:: Work to complete ::
A faithful transcript of all the lines below, with no pictures, is the goal here.

Start of Data section

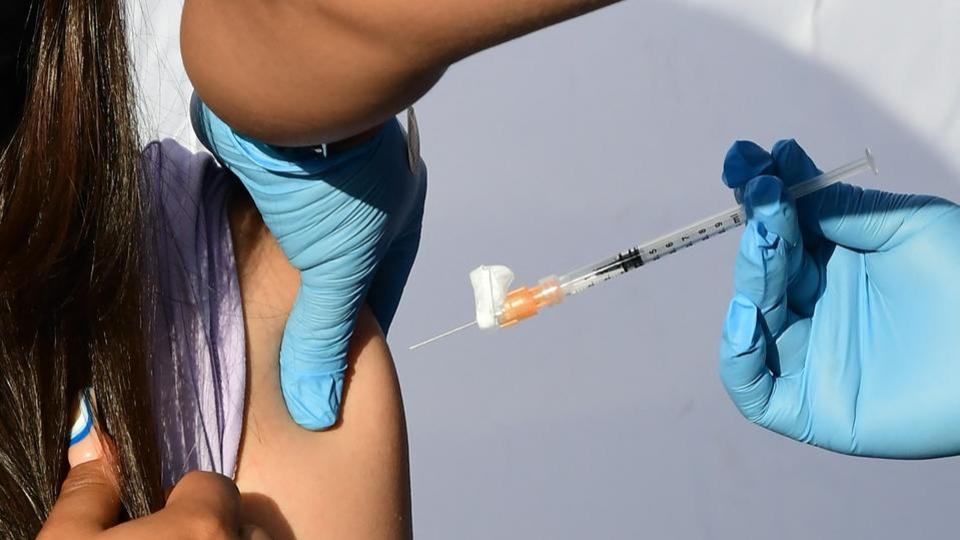 Covid-19 : une enfant de 10 ans reçoit par erreur une demi-dose de vaccin Moderna pour adulte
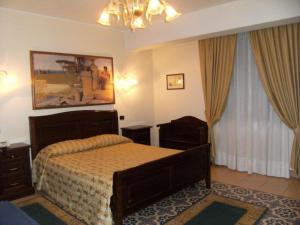 Rúm í herbergi á Hotel U' Bais
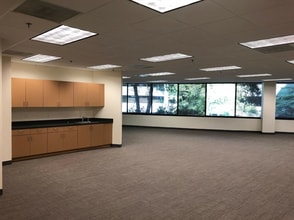 5901 Peachtree Dunwoody Rd NE, Atlanta, GA for lease Interior Photo- Image 2 of 6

End of Data section

:: Answer space ::
 Covid-19 : une enfant de 10 ans reçoit par erreur une demi-dose de vaccin Moderna pour adulte
 Rúm í herbergi á Hotel U' Bais
 5901 Peachtree Dunwoody Rd NE, Atlanta, GA for lease Interior Photo- Image 2 of 6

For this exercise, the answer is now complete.